« De la propriété possessive à la propriété expressive. Fichte, Hess, Marx »

Franck Fischbach

Publié le 25 juin 2013 Mis à jour le 25 juin 2013
Pour pouvoir être considérée comme une philosophie sociale, en un sens relativement précis du terme, une philosophie doit pouvoir répondre à un certain nombre de critères dont les principaux sont à mon sens les suivants. Il faut, premièrement, que cette philosophie se donne les moyens de distinguer la société de l’Etat, le social du politique ; il faut donc qu’elle reconnaisse une autonomie (fût-elle relative) à la société et à la vie sociale par rapport à l’Etat et à la vie politique.

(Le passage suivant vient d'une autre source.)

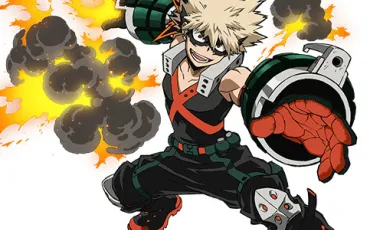 Quiz My hero academia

Deuxièmement, il doit s’agir d’une philosophie se concevant comme elle-même inscrite dans un contexte social, qu’elle se comprenne réflexivement elle-même comme une pratique savante et théorique liée à d’autres pratiques qui constituent un contexte historique au sein duquel elle se sait être elle-même située et sur lequel elle n’exclut pas d’exercer des effets en retour. Troisièmement, il faut qu’elle adopte, relativement à la société, un point de vue évaluatif autorisant une critique de la réalité sociale existante à l’aune de ce que cette philosophie conçoit comme devant être. Enfin, quatrièmement, pour pouvoir relever d’une philosophie sociale, il faut que la démarche philosophique prenne une forme que je dirais « militante », au sens où elle s’adresse consciemment à des acteurs ou des sujets sociaux capables de s’approprier, sinon le point de vue même de la philosophie sociale, du moins ses principaux résultats, et capables par suite d’engager sur cette base une action transformatrice de la réalité sociale existante. Or, il me parait que la philosophie de Fichte répond à chacun de ces critères et que, dans l’histoire de la philosophie, elle est certainement l’une des premières dont on puisse le dire.